When the spinoff did take place, in December 2014, with Safety Net remaining a strategic partner, Naveego defined itself as a BI platform.

“We soon pivoted from that, through engagements with some larger companies like Breitburn Energy Partners,” Smith said. “We shifted from BI down to specifically doing Master Data Management on a Data Quality Platform. We have been getting a lot of traction in oil and gas, and we are looking to expand into different verticals. We closed a funding round to do that at the end of May.”

Naveego sells entirely through a partner channel.

“Partners in different verticals bring us into their customers as part of their projects,” Smith said. “Because we solve data problems, we are really more horizontally aligned, but customers often work with vertically-aligned partners.”

Smith explained how they add their value.

“With Data Quality, there is what I call a ‘1-10-100 Rule,’” he said. “It takes $1 to verify a record as it is entered. It takes $10 to cleanse it, and it takes $100 if nothing is done, because the ramifications of the mistake are felt over and over again. We provide a high level of Data Quality to make everything better at the end of the line, to get data validated as close to the $1 point as possible.”

“We define a business process, like vendor onboarding, and make many quality checks that analyze the data,” said Mike Dominick, Naveego’s CPO and VP, Partner Success. “We look for things like not having a Tax ID, or having an asset be set up in ERP system and a project system and a vendor management system – which may not be aware of each other. This both helps with compliance, and understanding blocks within the business process.”

“What has been out there in the market that does this tends to be on-prem,” Smith said. “We also turn it from a project into an ongoing process.”

“We fit in broadly among organizations, not just the big ones, because of a focus in keeping it simple, but we do make the most sense where multiple applications are involved,” Dominick said. “We don’t require dedicated teams of data specialists.”

The new Naveego DQS release provides for Cross System Data Comparison, which makes it easy to compare the data between two different systems, regardless of where the data resides.

“This bridges that gap from analytics to business processes,” Dominick said. “It allows cloud and on prem to be checked on the same platform.” It also lets users compare data between different types of data sets, like between an internal SQL database and SalesForce.com.

This release also introduces a Data System Health Dashboard, which provides a high-level overview of the health of their data.

“We placed a larger emphasis on dashboarding in this release, because they are used to report up the chain of command,” Dominick said.

Naveego DQS now leverages Big Data technologies that support massive amounts of data.

“The use of these technologies allows us to manage larger data sets in a clean and easy to use way,” Dominick stated.

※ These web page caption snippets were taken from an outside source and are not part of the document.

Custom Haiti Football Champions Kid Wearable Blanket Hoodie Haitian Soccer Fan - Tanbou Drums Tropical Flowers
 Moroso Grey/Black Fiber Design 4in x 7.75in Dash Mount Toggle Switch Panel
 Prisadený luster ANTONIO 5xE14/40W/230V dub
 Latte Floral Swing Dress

The release now facilitates writing SQL against Non-SQL data sets, to let customers connect to business applications quickly and efficiently, and validate them all with SQL.

“This lowers the bar to get rules created,” Dominick said.

Finally, Templated Quality Checks now let users quickly execute common quality checks for multiple targets.

“Business processes may be aligned differently,” Dominick noted. “We want to be able to do one single check, instead of one per division, or one per geo.”

Looking down the road, Smith said that the company’s objective is to bring complete visibility of data points.

“We are going in a direction that will provide traceability all around the business,” he said.